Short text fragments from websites
-=-=-=-=-

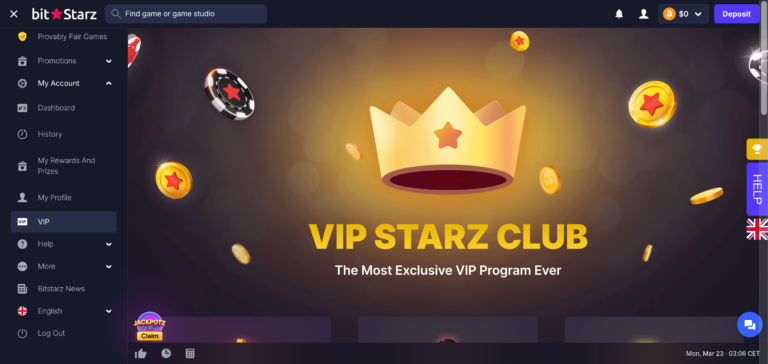 bitcasino vip as seen when testing
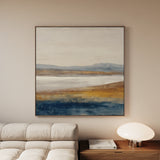 Abstract 1379 Canvas Art 16" x 16" / 40 x 40 cm / Black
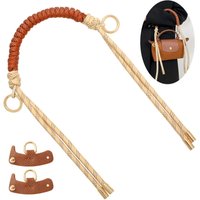 Hand Woven Rope Strap For Mini Tote Bag Conversion Kit No Punching Underarm Handle Replacement Crossbody Belt Accessories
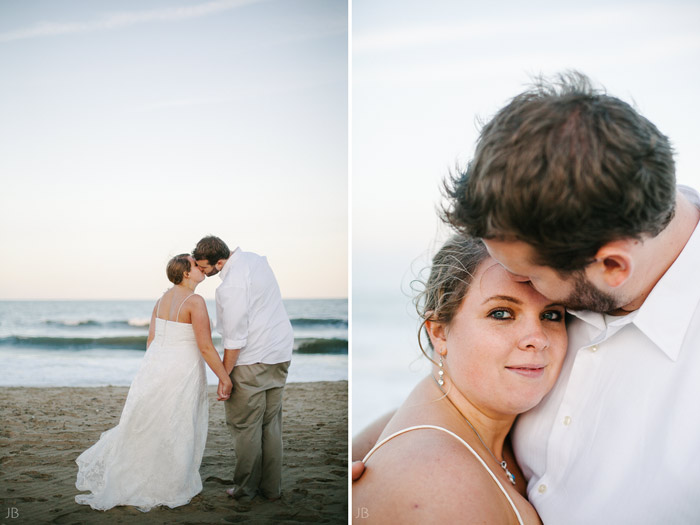 Virginia Beach Wedding on the beach in October at high noon bright day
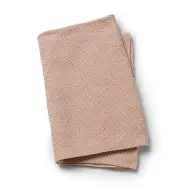 Elodie Details mosstickad filt, powder pink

-=-=-=-=-

# Assigned task:
Your answer must be an exact copy of every entry, with no pictures in it.

# Exercise response:
 bitcasino vip as seen when testing
 Abstract 1379 Canvas Art 16" x 16" / 40 x 40 cm / Black
 Hand Woven Rope Strap For Mini Tote Bag Conversion Kit No Punching Underarm Handle Replacement Crossbody Belt Accessories
 Virginia Beach Wedding on the beach in October at high noon bright day
 Elodie Details mosstickad filt, powder pink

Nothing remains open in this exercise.